After Jackson had the operation on Jan. 5, his surgeon, the famed James Andrews in Alabama, told him it would take nine to 12 months before he'd be ready to play in a game. Jackson rehabilitated every day at the NovaCare Complex, and in April, Andrews told him his knee was "looking good."

"That's when I started believing this would be possible to be ready for the 12th," Jackson said.

In July, Andrews cleared Jackson to practice, but Eagles head athletic trainer Rick Burkholder and Reid were conservative and didn't allow Jackson on the field with the first team until a couple of weeks ago.

Even so, Jackson's return is ahead of schedule.

"That's good," said orthopedic surgeon James L. Carey, director of the Vanderbilt Center for Cartilage Repair and Osteochondritis Dissecans Treatment. "That's actually ahead of the curve."

A Bucks County native, Carey in 2006 co-wrote a study with colleagues at the University of Pennsylvania School of Medicine that looked at NFL wide receivers and running backs who tore an ACL between 1998 and 2002. Of the 31 players, five never returned to the game. Of the 26 players who did return, 16 needed nine to 12 months to get back on the field, and 10 needed more than a year.

Although his study looked at two "skilled" positions, Carey said it was reasonable for an offensive lineman, whose job requirements are different, to need a year or more to recover.

"His early return is consistent with an athlete who has been compliant with everything that was asked of him and an athlete that works hard," Carey said. "Dr. Andrews' technical skills shouldn't be overlooked, but that took a couple of hours, and the rehab is months and months. The athlete's role and the athletic training staff is really critical."

So, too, Carey said, is the fact that Jackson just turned 30 in May, that he had not had surgery on the knee before, and that the injury reportedly was only to the ACL and not to any of the other ligaments in his knee, or the meniscus.

And, although it didn't seem that way initially, the timing of Jackson's injury worked in his favor.

"Built into that nine to 12 months is you have to wait for the season to start, and that gives him an opportunity to come back in eight months," Carey said. "If he injured his knee in September, no one's playing football in May.

"I think that was probably the biggest thing we shouldn't overlook. It's great he's ready to get back, but ... most injuries are in September and October, so they automatically go into that nine-to-12-month bucket. The cyclical nature of football helped him."

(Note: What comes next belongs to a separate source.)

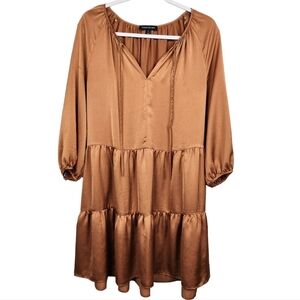 Banana Republic Satin Tiered Swing Boho Dress Caramel Copper Women's Size Small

But whether Jackson is the player he was before the injury remains to be seen. The production of the players Carey studied dropped by one third post-injury.

Getting game-ready

Twice a night, every night, Jackson gets into his recliner, elevates his knee above his heart, and slides a compression sleeve over it. For half an hour, he uses what's called "Game Ready," a device that simultaneously supplies intermittent compression with cold therapy.

Jackson credits that system and the Eagles' training staff, which scrapes the outside of his knee every other day to break down the scar tissue, with helping him get ready for Sunday. Still, he is reluctant to declare his rehab a success.

"I feel confident," said Jackson, who will wear a knee brace during games. "But I still haven't played a whole game, and I'll have to see how I hold up (through) four quarters of football."

Reid is taking a similar approach. He said Jackson's ability to play an entire game is "an unknown."

"I can't tell you that I'm not going to keep a close eye on him," Reid said. "I will do that."

He won't be the only one. Jackson's mother, Sadie Smith, will be in the Lincoln Financial Field stands, wearing her No. 67 Eagles jersey and keeping her fingers crossed.

"Sunday is going to be exciting," Smith said. "That's when I get jitters. It's like I've got to play. I'm trying to be confident. He's a big part of the team, and he loves the game and he loves his teammates. I just want him to be safe and strong."